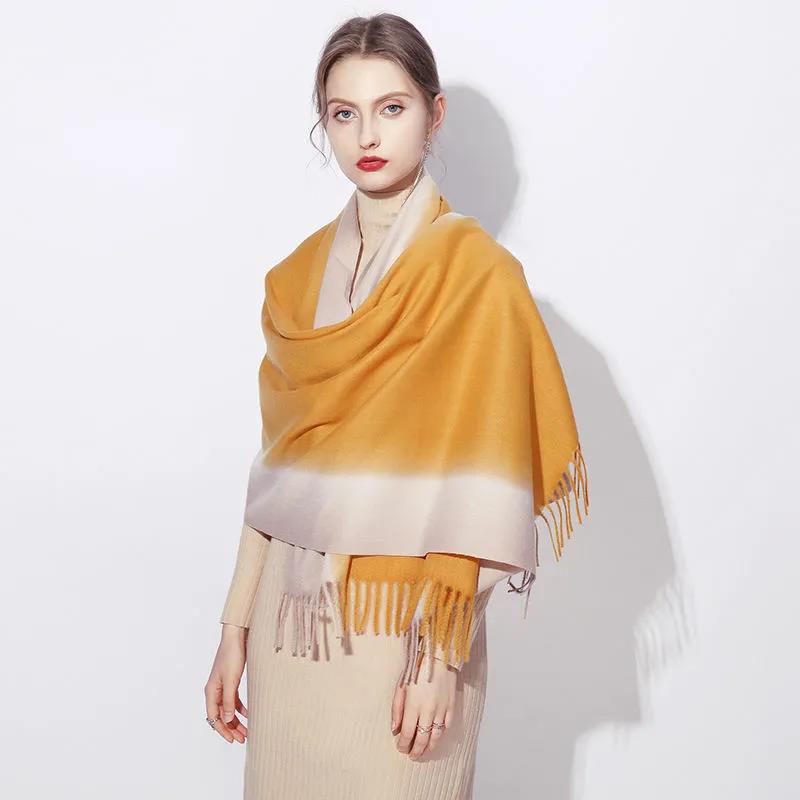 Winter Imitation Cashmere Scarf Wild Oversized Fringe Plaid Scarf Thickening and Lengthening Scarf Shawl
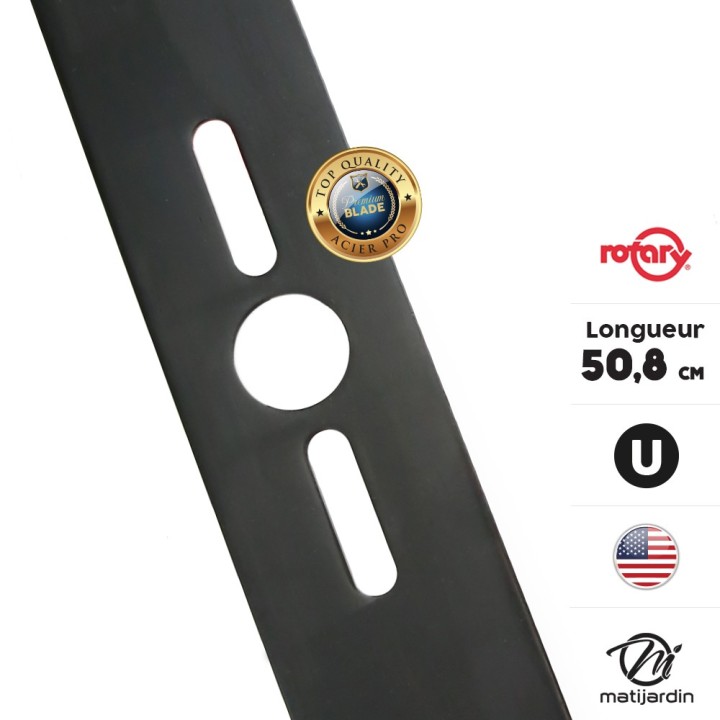 Lame tondeuse universelle plate Rotary Premium. Coupe 50,8 cm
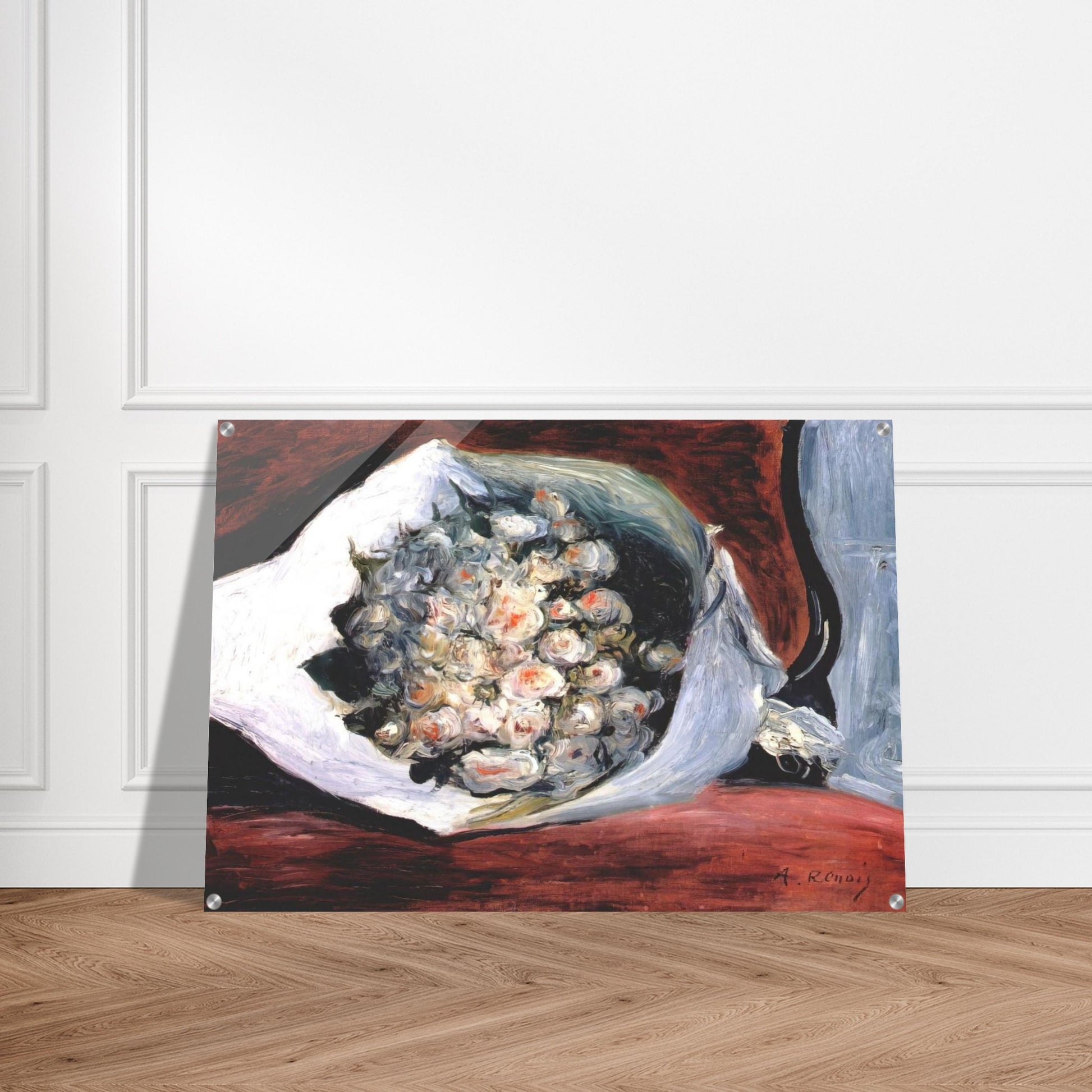 Bouquet in a theater box - Pierre-Auguste Renoir Acrylic Print - 70x100 cm / 28x40″ inches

What the exercise asks: Find the line with "Lame tondeuse universelle" in the listing and extract it and all lines after it through the end, exactly, without the pictures.

Output of the exercise:
 Lame tondeuse universelle plate Rotary Premium. Coupe 50,8 cm
 Bouquet in a theater box - Pierre-Auguste Renoir Acrylic Print - 70x100 cm / 28x40″ inches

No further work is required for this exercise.